» **Supplied data**
☆ ☆ ☆ ☆

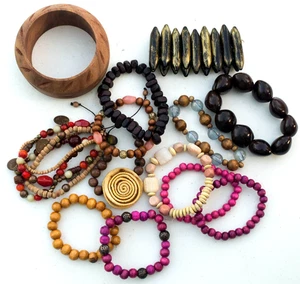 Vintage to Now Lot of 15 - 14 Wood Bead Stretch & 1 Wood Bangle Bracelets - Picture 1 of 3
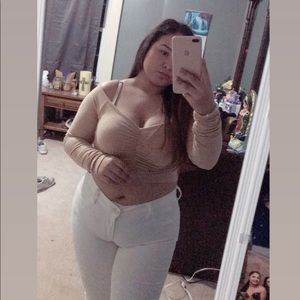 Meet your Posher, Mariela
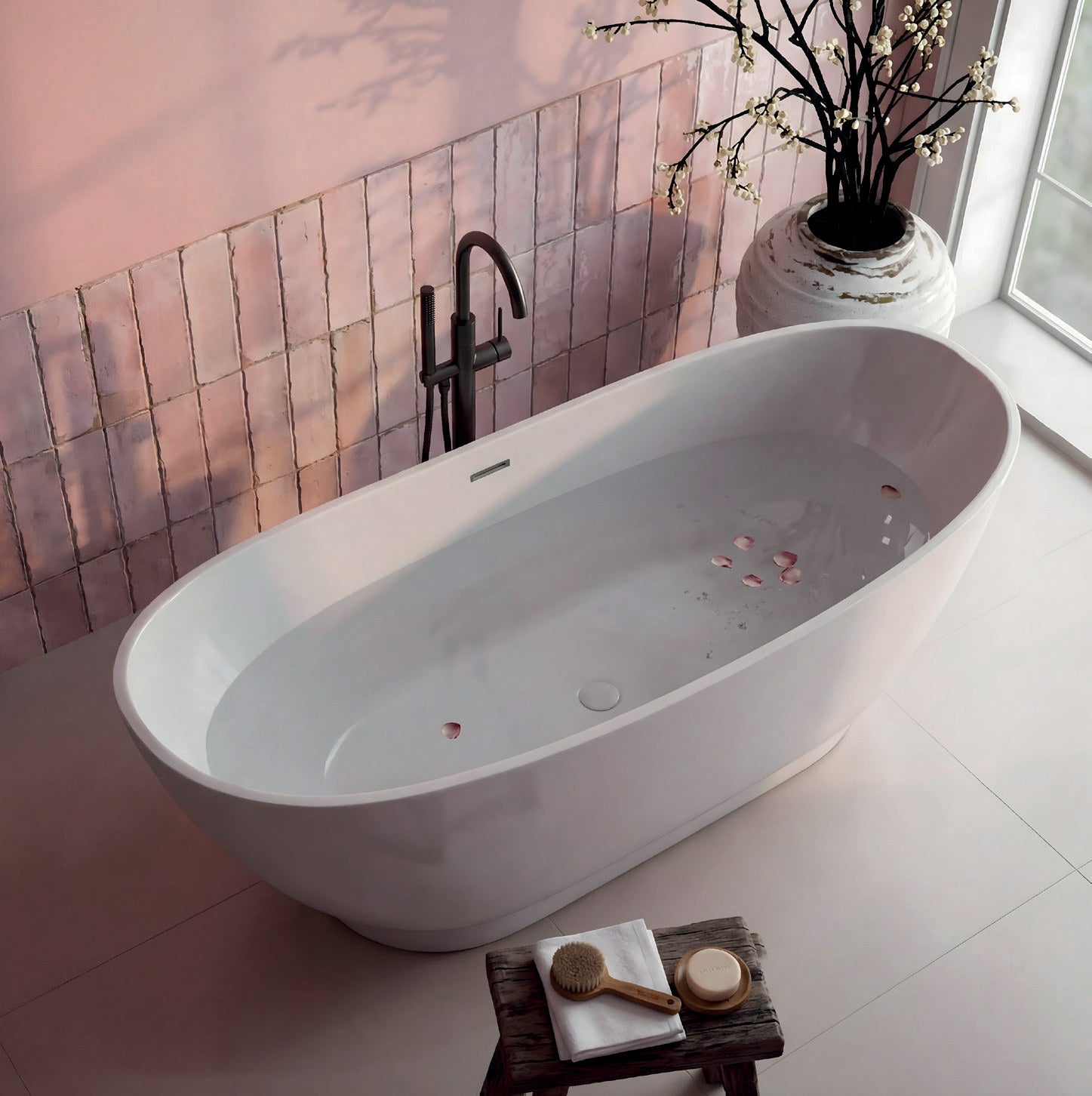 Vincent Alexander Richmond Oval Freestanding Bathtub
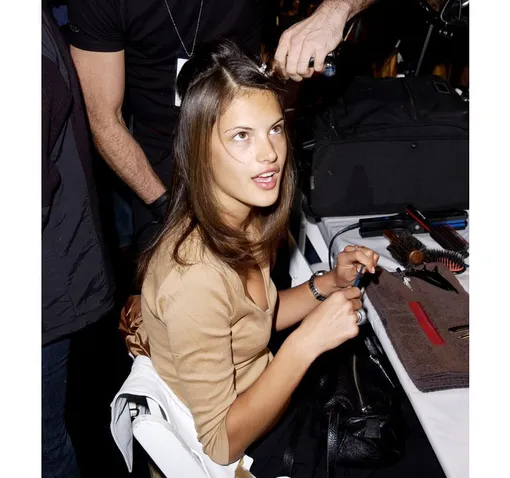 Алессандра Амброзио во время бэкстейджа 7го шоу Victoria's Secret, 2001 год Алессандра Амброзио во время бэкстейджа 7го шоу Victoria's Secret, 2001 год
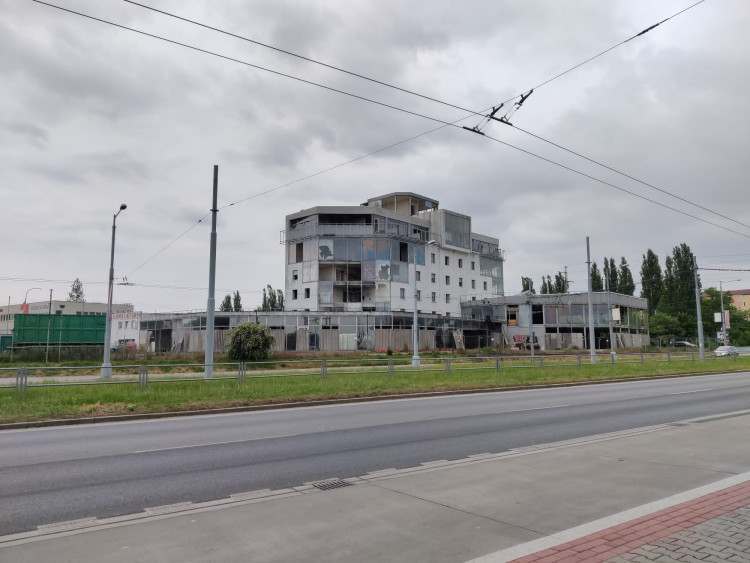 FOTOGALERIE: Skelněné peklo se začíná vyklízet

☆ ☆ ☆ ☆

» **Exercise directions**
In your copy of the records above, include no pictures and match every line exactly.

» **Answer section**
 Vintage to Now Lot of 15 - 14 Wood Bead Stretch & 1 Wood Bangle Bracelets - Picture 1 of 3
 Meet your Posher, Mariela
 Vincent Alexander Richmond Oval Freestanding Bathtub
 Алессандра Амброзио во время бэкстейджа 7го шоу Victoria's Secret, 2001 год Алессандра Амброзио во время бэкстейджа 7го шоу Victoria's Secret, 2001 год
 FOTOGALERIE: Skelněné peklo se začíná vyklízet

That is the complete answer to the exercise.